Vou terminar por hoje com três textos que representam leituras um pouco mais desligadas da actualidade, mas ambos bem interessantes. O primeiro saiu na The Atlantic e chama-se What Made Ancient Athens a City of Genius?, onde se procura saber as razões por que “The tiny, dirty Greek city-state produced more brilliant minds—from Socrates to Aristotle—than any other place the world before or since.” É, reconhecerão, uma pergunta desafiante, e ainda mais se pensarmos na Atenas de hoje. Uma das respostas possíveis já tem alguns anos: “In 1944, an anthropologist named Alfred Kroeber theorized that culture, not genetics, explained genius clusters like Athens. He also theorized why these golden ages invariably fizzle. Every culture, he said, is like a chef in the kitchen. The more ingredients at her disposal (“cultural configurations” he called them), the greater the number of possible dishes she can whip up. Eventually, though, even the best-stocked kitchen runs dry. That is what happened to Athens. By the time of Socrates’s execution, in 399 B.C., the city’s cupboard was bare. Its “cultural configurations” had been exhausted; all it could do now was plagiarize itself.” (Este texto é um extracto do livro de Eric Weiner The Geography of Genius: A Search for the World's Most Creative Places, from Ancient Athens to Silicon Valley.)

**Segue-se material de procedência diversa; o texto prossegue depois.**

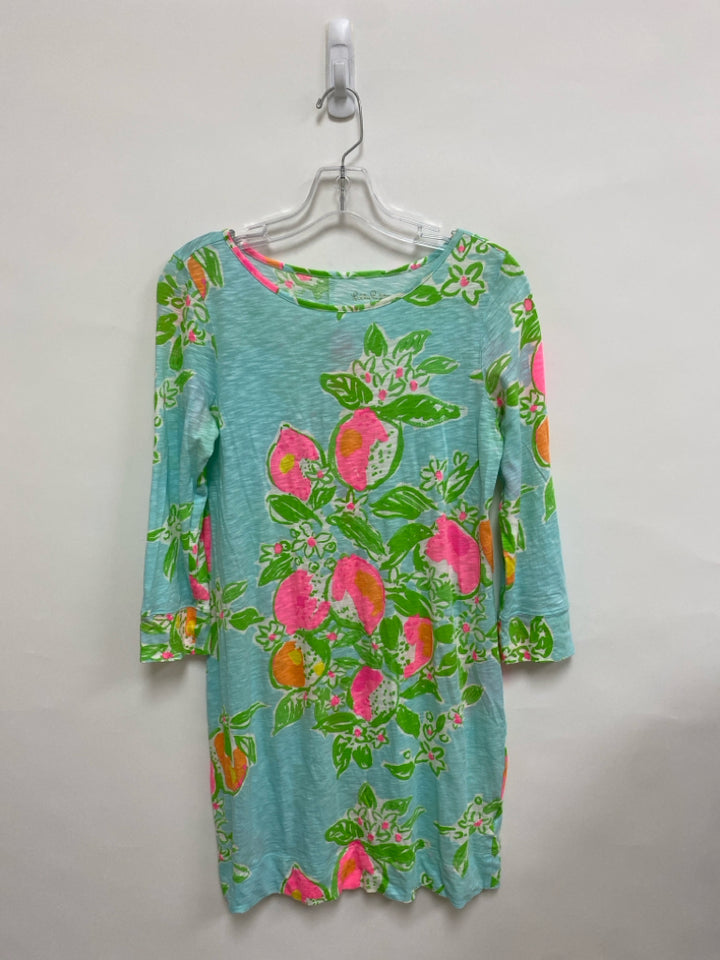 LILLY PULITZER Size S Aqua/White Green/Pink Ladies Dress
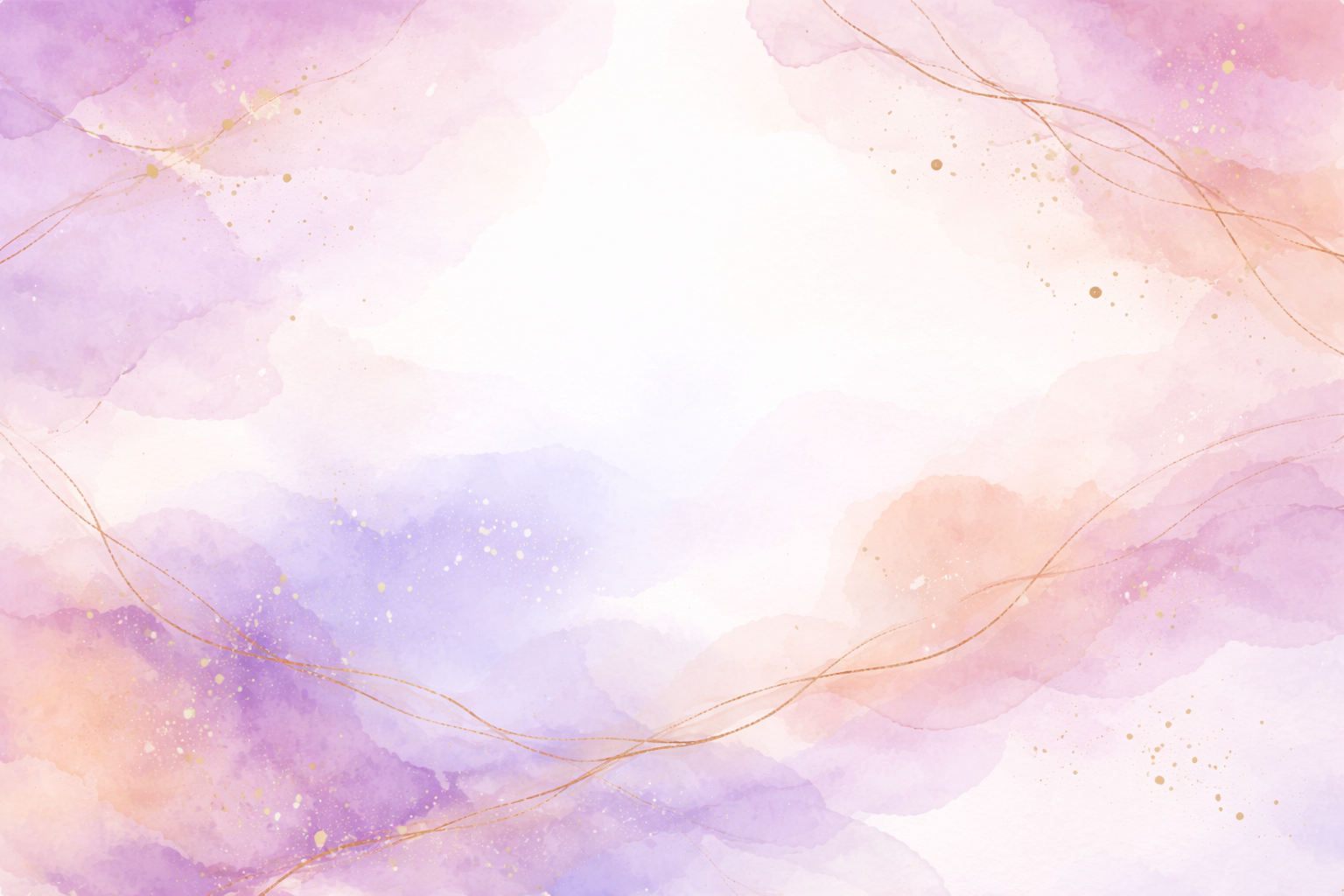 Ink Wash No. 2 — lavender and pink watercolor with gold veins background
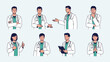 © ARINAFIKA - A professional set of medical avatars featuring a group of doctors and nurses in uniform with stethoscopes and computers representing healthcare people working as a team in a hospital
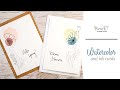Simple watercolor and ink cards for beginners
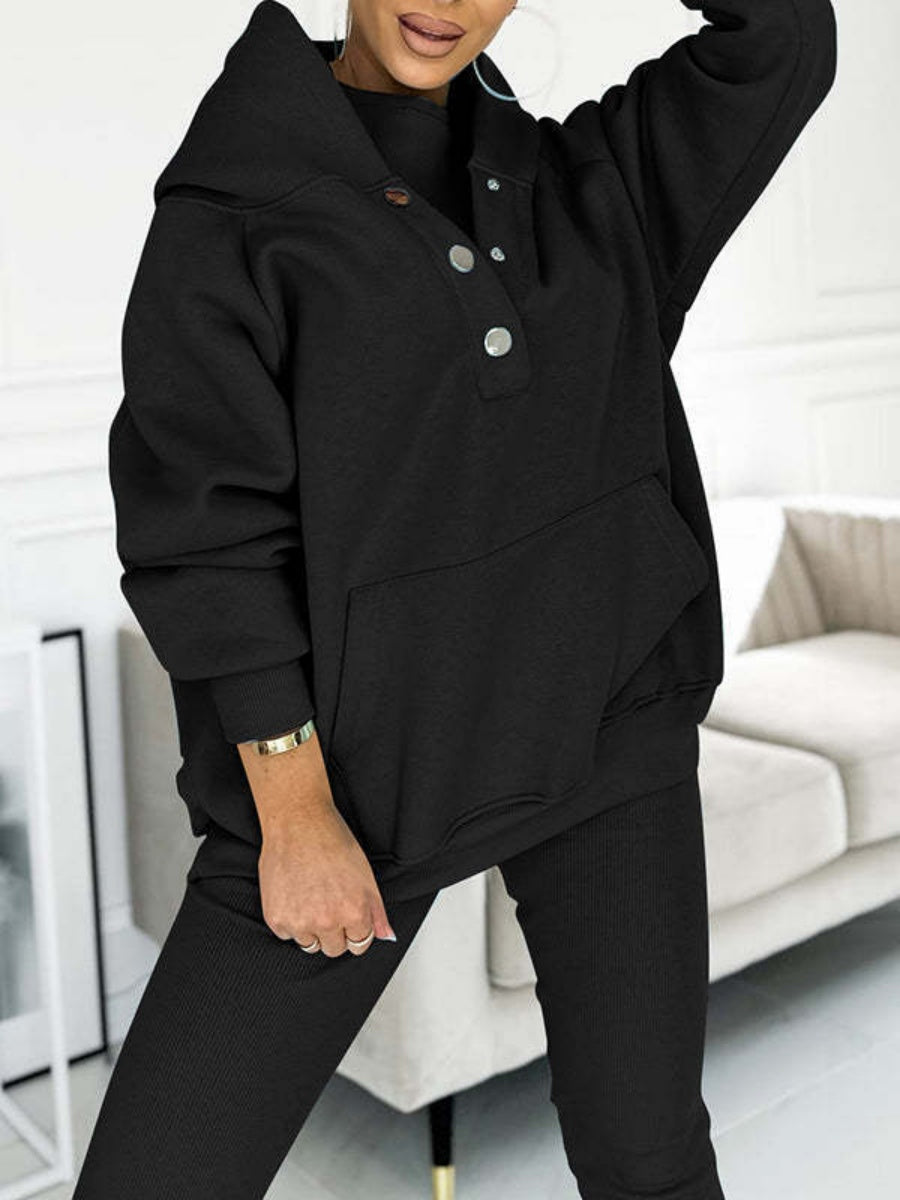 Sporty Casual Hoodie Sweatshirt, Ribbed Slim Fit Vest And Pants Three-piece Set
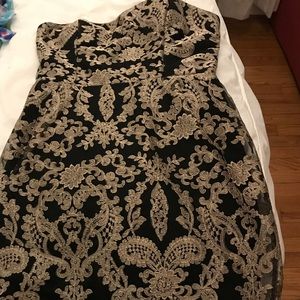 Strapless black and gold wedding guest dress/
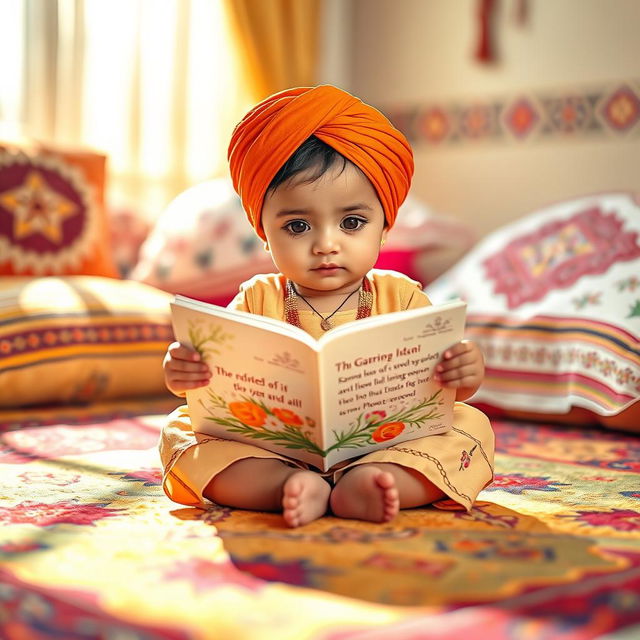 A serene image of a charming baby sitting cross-legged on a colorful carpet, intently reading from a beautifully illustrated book of Gurbani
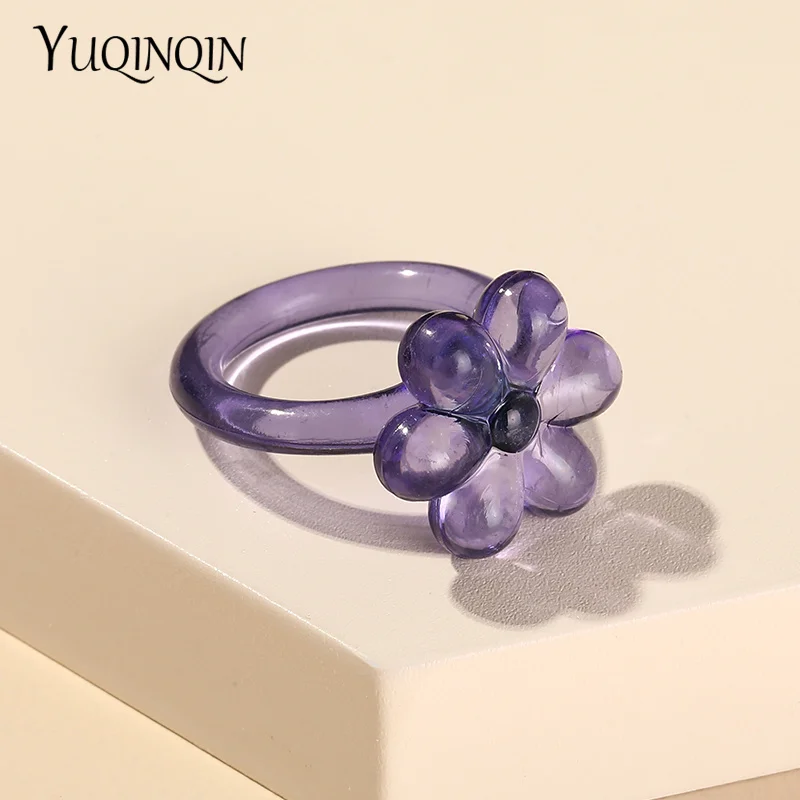 Flower Transparent Acrylic Rings for Women Girl Minimalist Korean Trend Chunky Finger Ring Colorful Simple Fashion Jewelry 2021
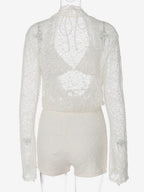Women Mesh Lace 2 Piece Cover Up Set Long Sleeve Wrap Top Shorts Beach Outfit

Como devem saber, Umberto Eco morreu na passada sexta-feira e, dos muitos textos publicados, um pareceu-me mais original e desafiante: O umbigo do mundo de Umberto Eco era em Portugal, de Clara Silva, que saiu aqui no Observador onde se conta a relação do escritor com o Convento de Cristo, em Tomar: “Se eu conseguia imaginar um castelo templário, assim era Tomar”, acabaria por escrever Eco. Igualmente merecedor de referência é a peça de Bruno Vieira do Amaral, crítico literário e tradutor, O homem que inventou Dan Brown, também editada no Observador, de que destaco a seguinte passagem: “Ao dizer em diversas ocasiões (divertido, mas também chamando a atenção para os pontos de contacto entre O Pêndulo de Foucault e O Código Da Vinci) que tinha inventado Dan Brown estava a certificar a eficácia “factual” do seu livro, da ficção enquanto geradora de factos que, por sua vez, alteram a realidade. É essa a filosofia subjacente aos romances de Eco: se acreditamos numa mentira essa mentira não passa a ser verdade, mas passa a ser real, transforma-se em facto. E os factos podem ser estudados.”
Para fechar hoje com chave de ouro, um texto do grande Mario Vargas Llosa sobre esse gigante que foi Shakespeare. Saiu no El Pais, chama-se El gran teatro del mundo e procura mostrar, a propósito da passagem por Madrid de uma encenação de “Conto de Inverno” que “Todo está en Shakespeare, su época y la nuestra, lo que hay en ellas de idéntico y de diferente, la grandeza de la literatura y los milagros que el arte realiza en la vida de las gentes, así como la manera en que la vida de los humanos destila al mismo tiempo felicidad y desgracia, dolor y alegría, pasión, traición, heroísmo y vileza.”.
E por hoje é tudo. Tenham um bom descanso, resguardem-se do frio que aí vem, e reencontramo-nos amanhã.